Yeah, I wasn't very clear. Purging Glorantha was actually a big reason I preferred RQ3; it was obviously always possible to ignore the Glorantha tie, so it's only a matter of flavour, but I didn't and don't like Glorantha and I do think that 'fantasy Europe' is the best setting for RQ. The way I posted it makes it appear to be incidental, but it actually wasn't (to me).

In addition, I liked the Sorcery stuff and I like 1d6-1.

Thanks for the clarification.

I liked the RQ2 system so much that I did conversions for Dark Sun, for a sci-fi setting, for Empire of the Petal Throne (and others). I loved it!

Personally the 1d6-1 was one of the things that I heartily disliked in RQ3 for a couple of reasons. One was the anticlimax (Great, I've de-ticked! Darn it, rolled a 1 so I don't go up at all), the other was that it slowed the rate of increase even more (since you typically went up 2-3% rather than 5%) and thirdly that two people could use their skills equally successfully over three adventures, both successfully de-tick and then one person ends up +15% up and the other is at nothing or +1% or something, which didn't seem fair).
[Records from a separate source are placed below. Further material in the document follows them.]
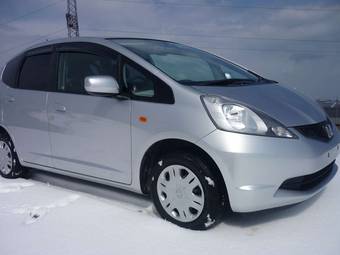 2008 Honda Fit Pictures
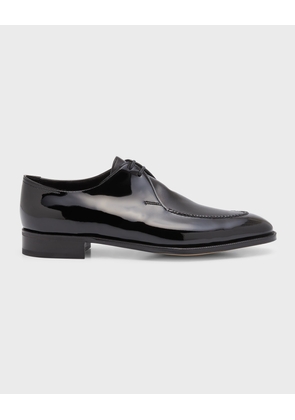 Men's Manchester Patent Leather Derby Shoes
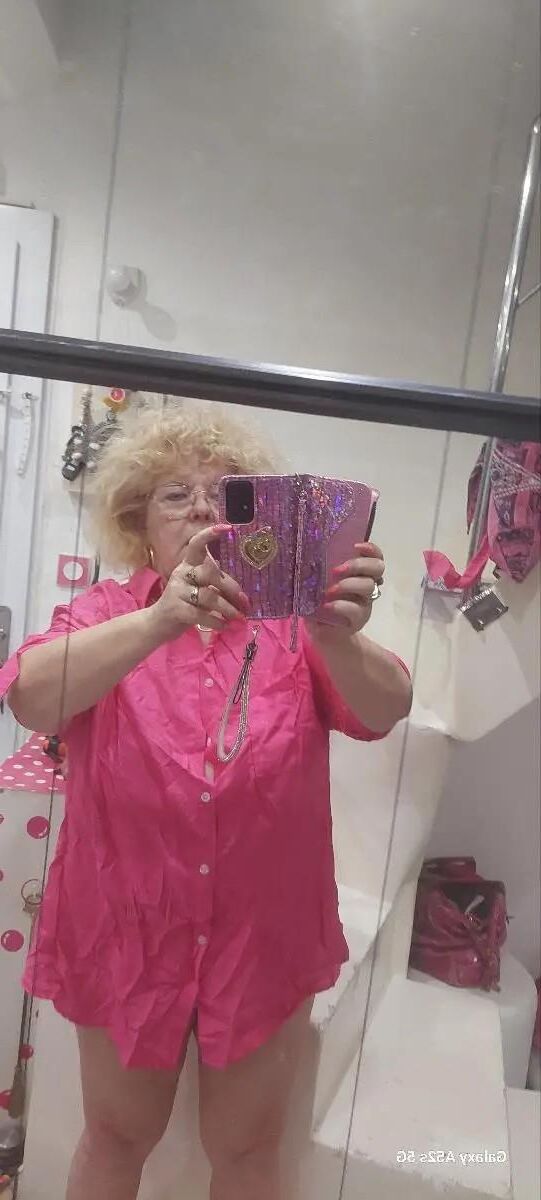 sexy BBW-Oma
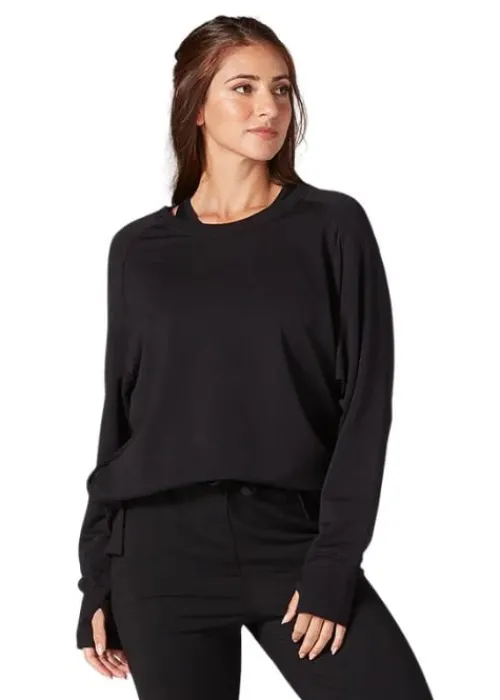 Best Sale Tavi Noir Cosy Sweatshirt Ebony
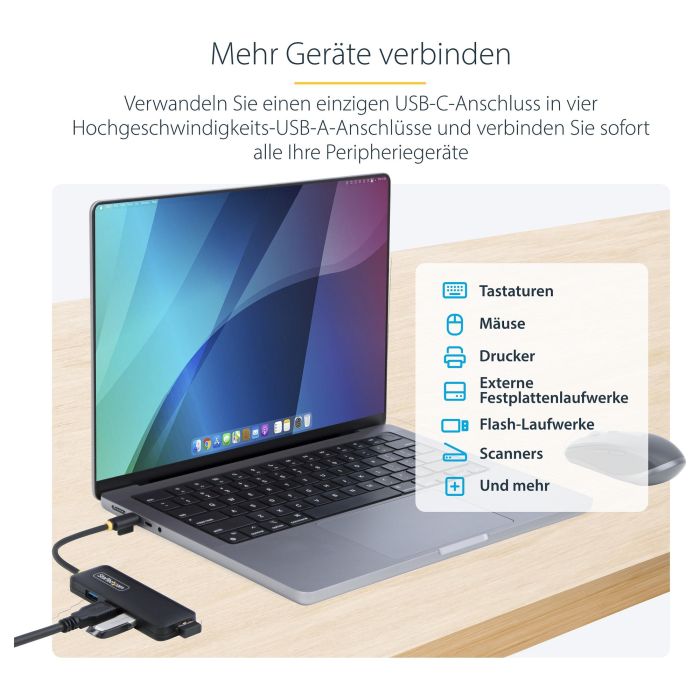 Kit de reparación Startech H5C4A-USB-HUB 11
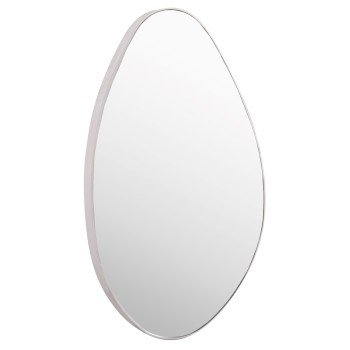 ΚΑΘΡΕΠΤΗΣ ΤΟΙΧΟΥ DROP HM4488.12 ΜΕ ΠΛΑΙΣΙΟ MDF ΣΕ ΛΕΥΚΟ 50x80Υεκ.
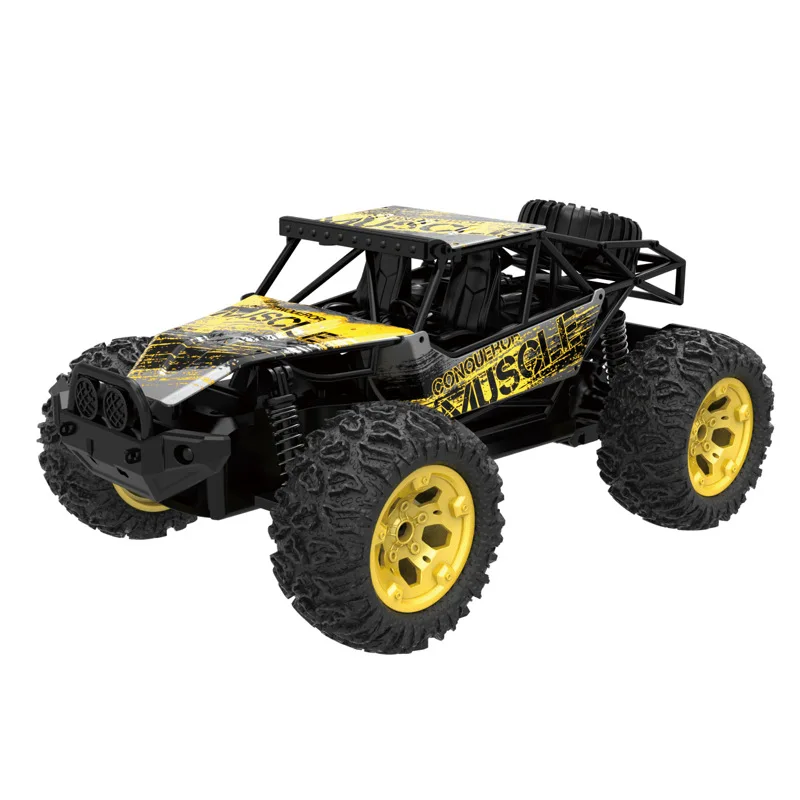 

New1/12 wireless RC Car Climbing Bigfoot Alloy Off-Road Remote Control Car 2.4G High Speed Climbing Drift Vehicle Christmas gift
Those were the reasons I disliked it - what did you like about the 1d6-1% for advancement?

Cheers
 

I could suggest another reason for getting the Mongoose rules (which is the reason I bought them) - the extended 'character generation' which gives more events, flavour, background NPCs and such. It is a great enhancement to the original traveller chargen IMO.

Indeed. And to a lesser extent the unified skill system and much improved combat system.

There are other things I could take or leave... but I'm free to do so. :)
 

Personally the 1d6-1 was one of the things that I heartily disliked in RQ3 for a couple of reasons. One was the anticlimax (Great, I've de-ticked! Darn it, rolled a 1 so I don't go up at all), the other was that it slowed the rate of increase even more (since you typically went up 2-3% rather than 5%) and thirdly that two people could use their skills equally successfully over three adventures, both successfully de-tick and then one person ends up +15% up and the other is at nothing or +1% or something, which didn't seem fair).

Those were the reasons I disliked it - what did you like about the 1d6-1% for advancement?

Cheers

I liked the fact that it was slower, actually, although it obviously depends on when your GM decided it was time to try to increase the skills and it may be that we were more generous in that regard than were some. Also I'm a bit of a sucker for random elements (which is why, for example, I've never really liked point-buy for stats in most systems). I imagine it would have been a bigger deal to go from playing a lot of RQ2 to playing RQ3, but I mostly dabbled with RQ2 and was attracted into RQ3 (in part by the GW repackaging, although I already owned the AH version too). Also, I guess I was in AD&D 1e mode to some extent at the time and progression there was very slow in any case.